Invisible images again: the Kat rages against the Curia

STOP PRESS: shortly after this item was posted, the "invisible" images miraculously appeared in the German version, but still haven't appeared in the French one.  Can some kind reader offer to assist Curia in these matters? Even if they were using primitive software like Blogger they wouldn't have these problems.


While patent people pontificate on the linguistic issues that beset the countries of the European Union, trade mark practitioners and their clients still suffer in silence. But now, courtesy of the IPKat, here comes a massive miaou of rage.

Today on the Curia website [note for non-Europeans: that's the website of the Court of Justice of the European Union] a decision of the General Court was posted. The case is T‑253/09 and T‑254/09, Wilo SE v Office de l’harmonisation dans le marché intérieur (marques, dessins et modèles) (OHMI). Alternatively it's Wilo SE v Harmonisierungsamt für den Binnenmarkt (Marken, Muster und Modelle) (HABM).  By now you may be suspecting that, of the 23 official languages of the European Union, this decision is posted in just two of them, French and German. Normally that would be quite enough to complain about, but this time it's much worse.  This case involves an application to register as a three-dimensional Community trade mark a sign representing the casing of a motor of a heating pump, for goods in Classes 7 and 11.  The examiner said it wasn't registrable because it was devoid of distinctive character; the Board of Appeal agreed.  And now, the IPKat guesses, Wilo's appeal has been dismissed too.

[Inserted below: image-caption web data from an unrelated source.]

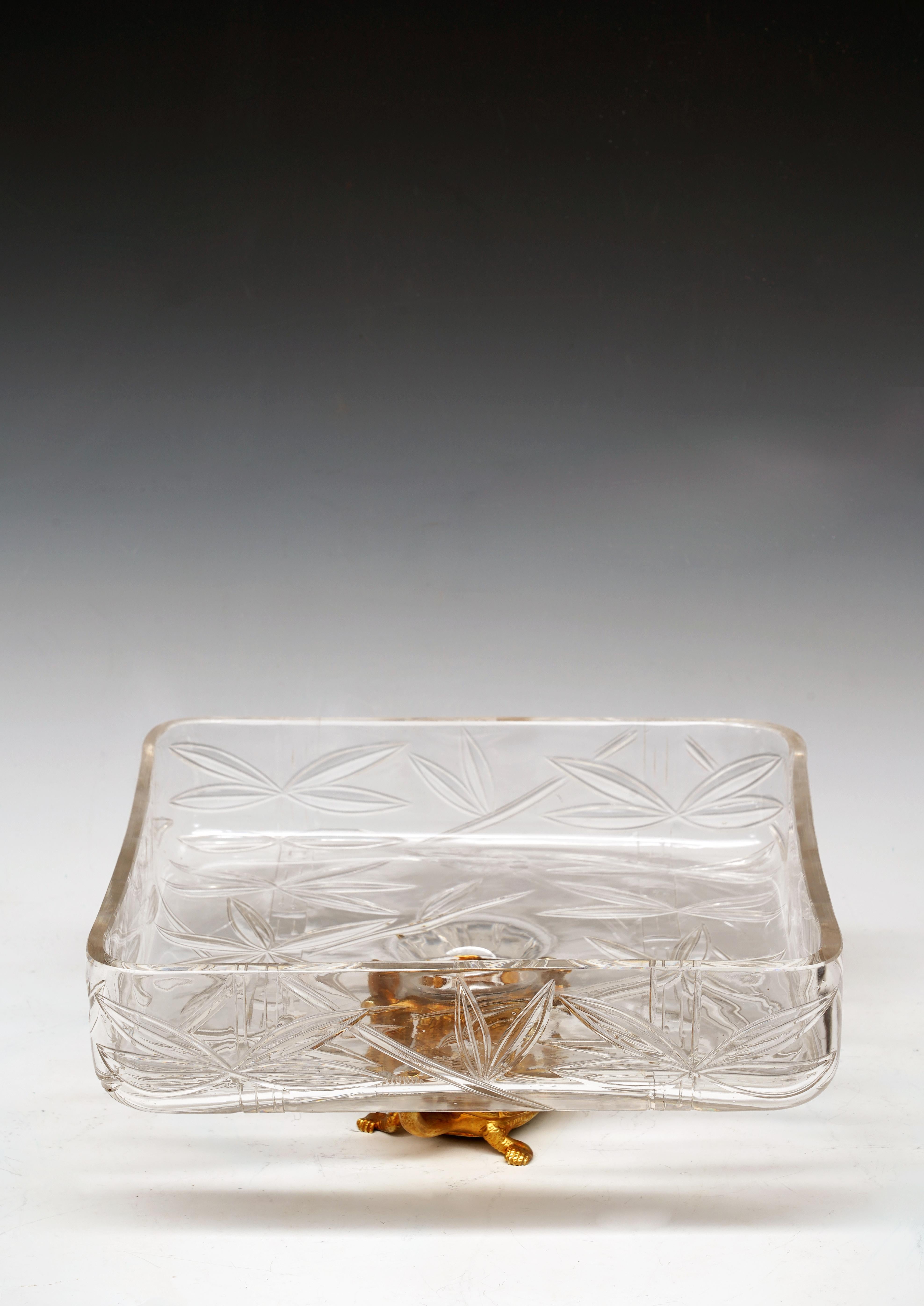 Belle coupe de forme carrée en cristal gravé, décorée de bambous et d'oiseaux.
Elle repose sur une tortue-dragon en bronze doré, créature légendaire chinoise au corps de dragon et à la carapace de tortue, symbole de puissance et de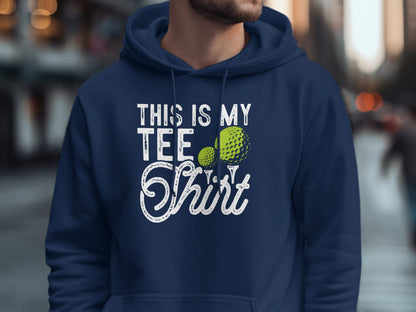 Navy hoodie with "This is my tee shirt" text and two golf balls.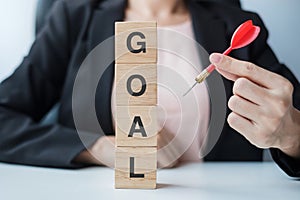 Hand holding red dart over Goal block. target, aim, objective, leadership, Business and marketing concept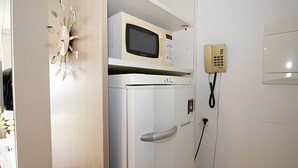 A room with a microwave on top of a white refrigerator, a telephone, and a door with a handle. - OZPED Flats Particulares Saint Moritz (Brasília)
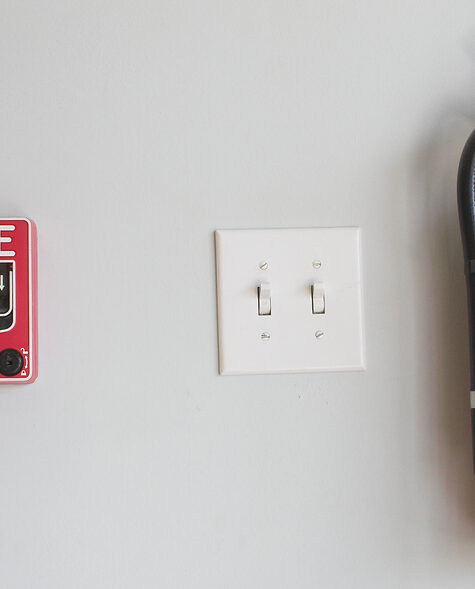 a fire alarm pull box and fire extinguisher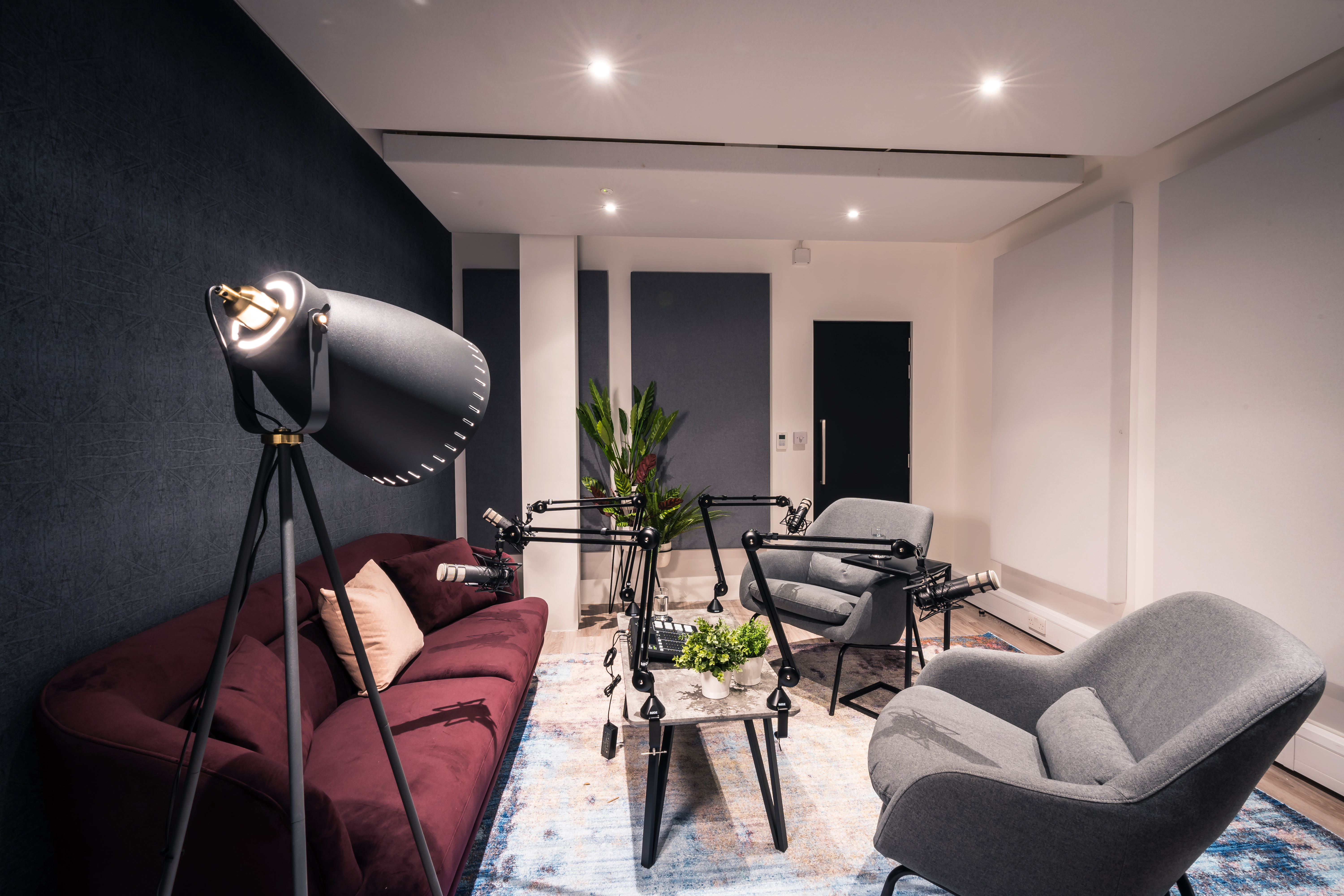 Lounge Style Podcast Room in Qube West with cozy seating for intimate events and discussions.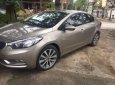 Kia K3 2015 - Cần bán Kia K3 năm sản xuất 2015, màu vàng, giá 450tr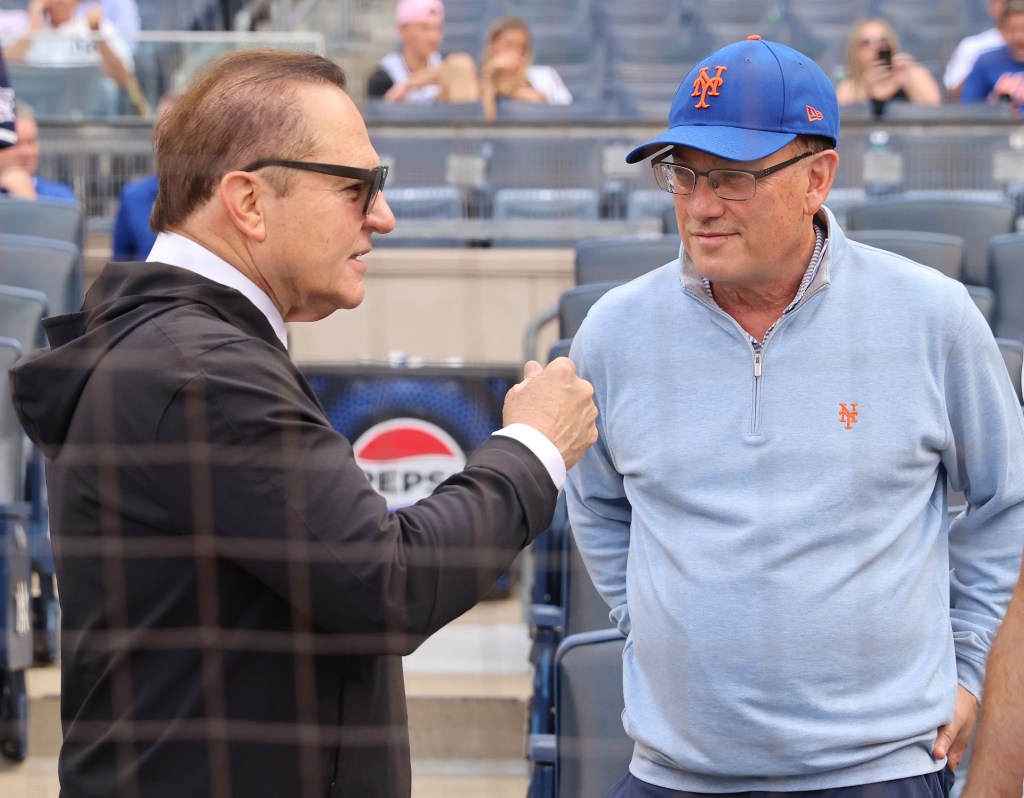 Sports agent Scott Boras conversing with Mets owner Steve Cohen in the stands at Yankee Stadium before a Mets vs. Yankees game.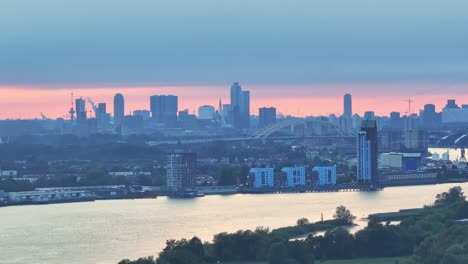 terwijl de oranje zon in de verte opkomt, wordt de stad rotterdam wakker.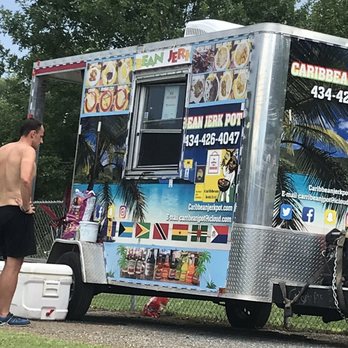 Caribbean Jerk Pot - a man standing next to a food truck - Food Trucks Near Me - Lynchburg, Virginia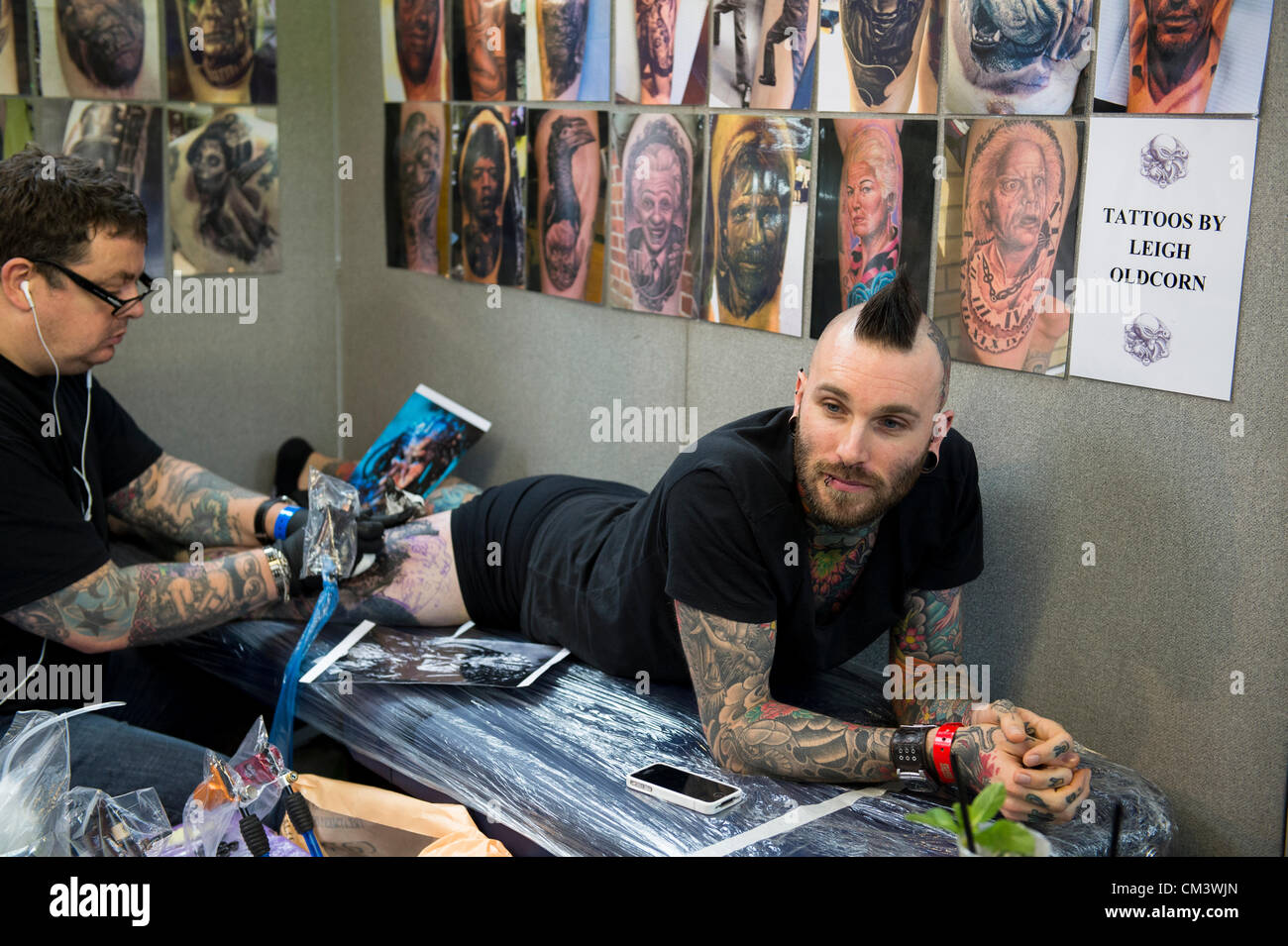 28th September 2012, London, UK. The 8th London Tattoo Convention begins today at Tobacco Dock in the East End of London. Tattooists and tattoo fans from around the world flock to the venue. Stock Photo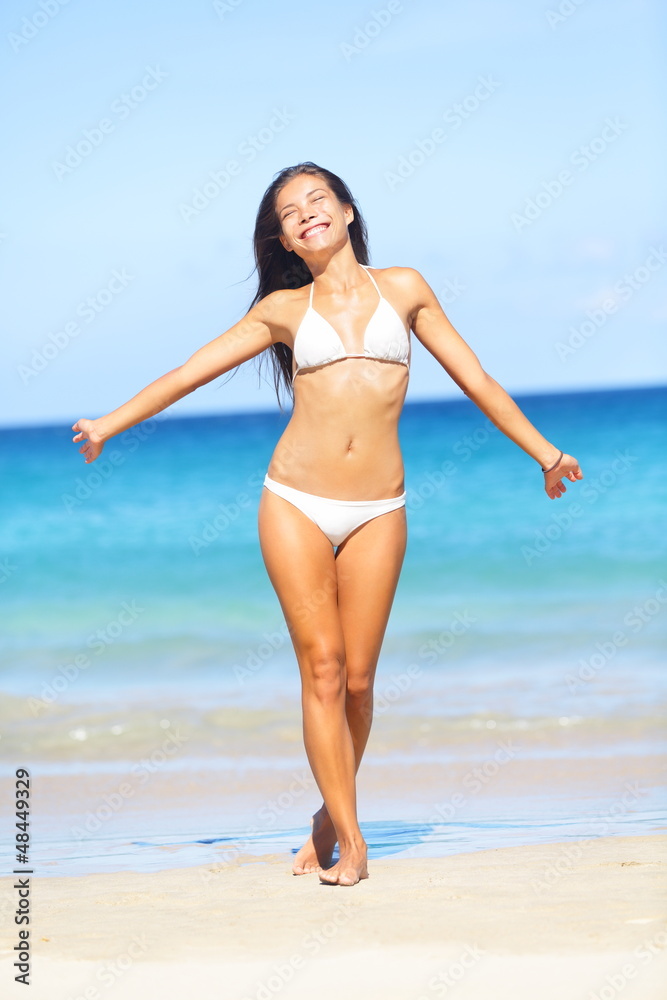 Beach summer holidays bikini woman carefree freedom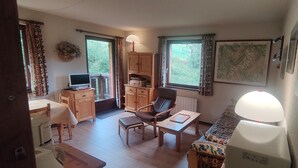 Quarto aconchegante com uma escrivaninha de madeira, uma cadeira, um sofá e uma televisão. Há janelas com cortinas, um mapa na parede e um abajur.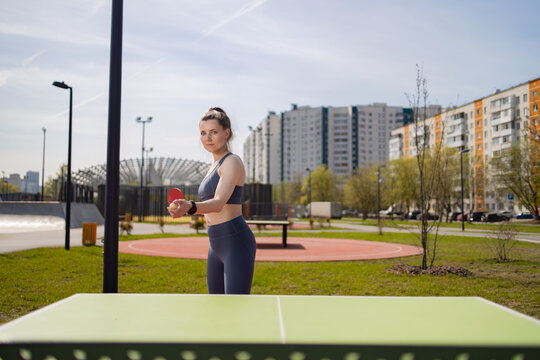A woman is playing table tennis on the street. She's wearing a tracksuit and holding a racket. Residential buildings and trees are visible in the background.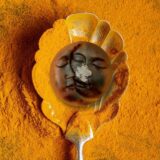 A handcrafted, deep ochre-colored soap bar with a rustic, uneven top edge, resting on a textured linen cloth. The soap, titled 'The Golden Glow,' is surrounded by whole turmeric roots and a dusting of golden powder. The lighting is warm and cinematic, emphasizing the earthy, artisanal texture of the bar and creating a serene, spa-like atmosphere.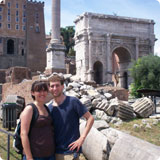 Two people standing in front of ancient Roman ruins.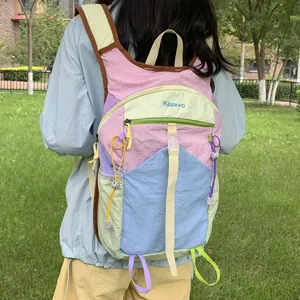 Rear view of a multi-colored outdoor hiking backpack worn by a model in a green park.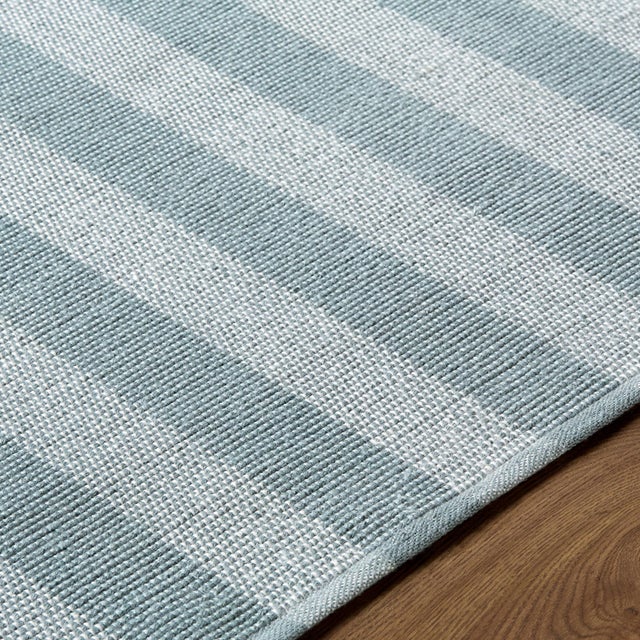 Transform your space into a serene coastal haven with the Harbor collection's exquisite handmade rug. Crafted with care in...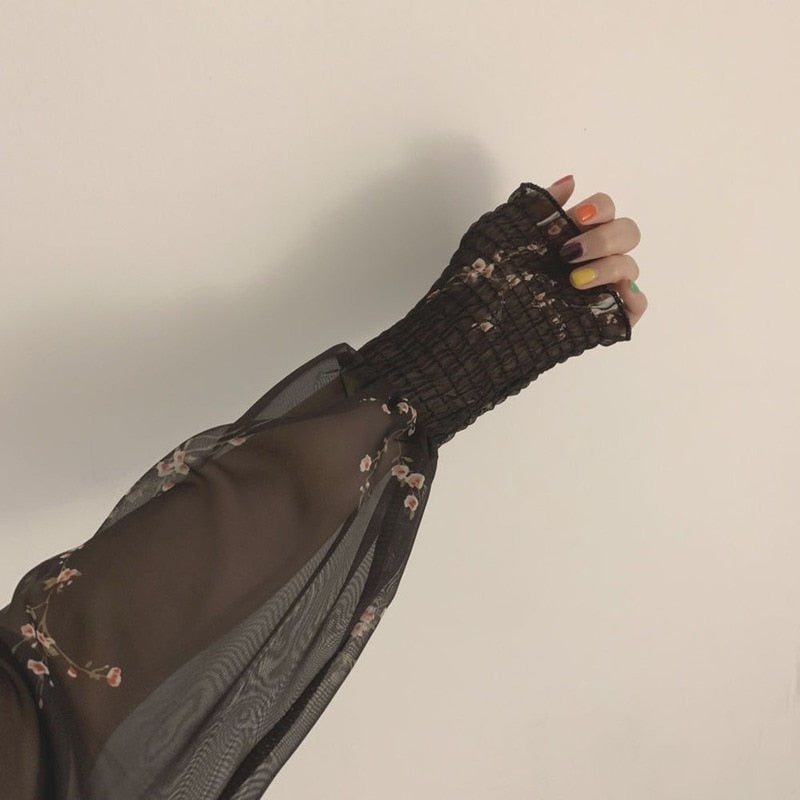 Chic black vintage spring dress with unique puff sleeves, ruffles, and A-line silhouette, made from comfortable and durable synthetic fiber, acrylic, and chiffon fabric.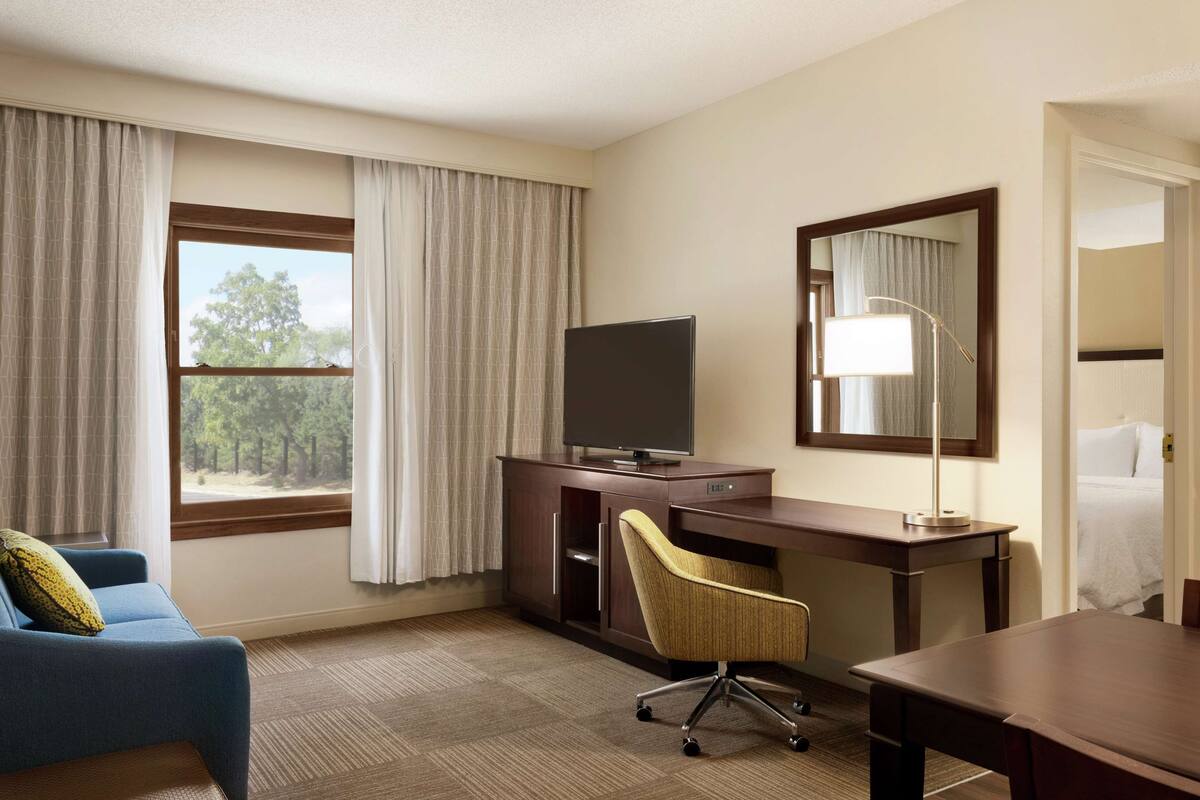 A hotel room with a bed, a desk with a computer, a chair, a TV on a cabinet, and a window with curtains.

When you click on to the webpage, you will discover that there are two representations of what the IPKat knows to be images -- but all he can see is two boxes, each of which bears the legend "Image not found".   He has checked, using different internet browsers, in case the Curia website has been trained to refuse access to some of the more popular ones, and there is definitely nothing there.

Says the IPKat, what on earth is the point of making available to the international community of trade mark users, owners and practitioners a report on the outcome of an appeal which is available in only two languages out of the official 23 and which does not even trouble to show the image which the applicant has been expending so much effort and energy trying to register?  He calls for the following action:
 (i) the person at Curia who is responsible for maintaining the website should please make the image available, if possible now;

(ii) the authority or person responsible for supervising the content of the Curia website should take the necessary measures to ensure that this doesn't happen again [it has happened on numerous occasions in the past too. Readers may remember this];

(iii) Curia should give the contact details of the person responsible, so that when things like this happen we all know whom to contact.  The Kat is not looking for a scapegoat to shoot -- he just wants to know whom he can gently contact and see, "Bonjour (or whatever), it's Le Chat calling.  Just thought you ought to know that. malheureusement, one of your illustrations has just dropped off the page ..."
Merpel says, I don't know what all the linguistic fuss is about.  The decision may only be available in French and German, but the little sign that says "Image not found" is definitely in English.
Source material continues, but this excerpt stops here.